Realty Income (O -0.17%) has done an amazing job growing its dividend over the years. The REIT has increased its payout 121 times since its public market listing in 1994, including for the past 103 straight quarters. It has raised its dividend by 3.2% overall over the past year. 

A big driver of the company's growing dividend is its ever-expanding portfolio of income-producing real estate. Realty Income acquired $3.1 billion of properties in the second quarter alone. It sees a massive growth runway ahead, estimating that there is a $1.6 trillion opportunity to acquire real estate from large corporations in its target markets. These factors put the REIT in an excellent position to continue increasing its 5.4%-yielding dividend.

Going on a shopping spree

Realty Income initially expected to acquire over $5 billion of income-producing real estate this year. However, now it anticipates its 2023 investment volume will be over $7 billion. 

One factor driving its increased acquisition outlook is its success so far this year. The REIT had already invested nearly $4.8 billion to acquire or develop almost 1,000 properties by the end of the second quarter. The most notable transaction was buying 414 single-tenant convenience stores in the U.S. from leading U.K.-based convenience retailer EG Group. The $1.5 billion transaction closed in the second quarter. 

The company is also having better success in closing deals it sources. It acquired 15% of its sourced investment volume in 2023, more than double the 7% rate it has averaged over the last five years. It's facing less competition for acquisitions because rivals don't have as much access to capital due to surging interest rates. Meanwhile, sellers are more motivated because they're facing pressure from higher interest rates. 

Realty Income also continues to expand into new geographical regions and property types. It made its first investments in Ireland during the second quarter, buying two properties for $54 million. In recent months, it also made its first transaction in Italy, formed a real estate development partnership in vertical farming, and invested in the gaming and consumer-centric medical sectors.

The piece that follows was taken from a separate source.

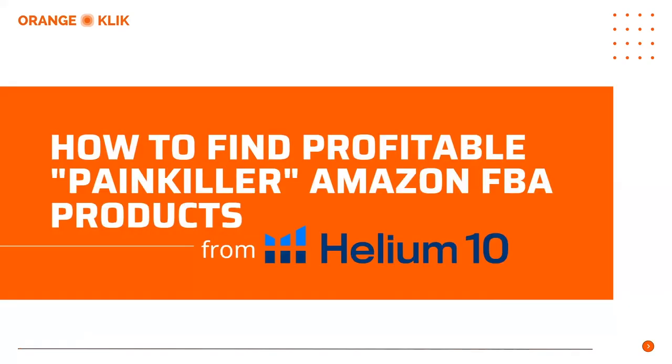So I hope you learned a lot in finding those profitable painkiller products for Amazon FBA using Black Box from Helium 10. Again, this is Nikki from Orange Click Team and if you do like our content, please don't forget to like, subscribe, and share our YouTube channel. Thanks for watching. Have a good one.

The company's continued expansion into new areas increases its future growth potential. 

The trillion-dollar opportunity

Realty Income expects even more acquisition opportunities to be available in the future. CEO Sumit Roy discussed one of the major factors that could drive accelerated acquisition volume on its second-quarter conference call. He stated:

Looking at the S&P 500 constituents within our addressable market, we count approximately 300 firms with $1.6 trillion of owned real estate. To quantify the near-term opportunity, which is available to us as sale-leaseback capital providers, this group has approximately $1.2 trillion of debt, representing 34% of the group's outstanding debt capital maturing between 2024 and 2027. 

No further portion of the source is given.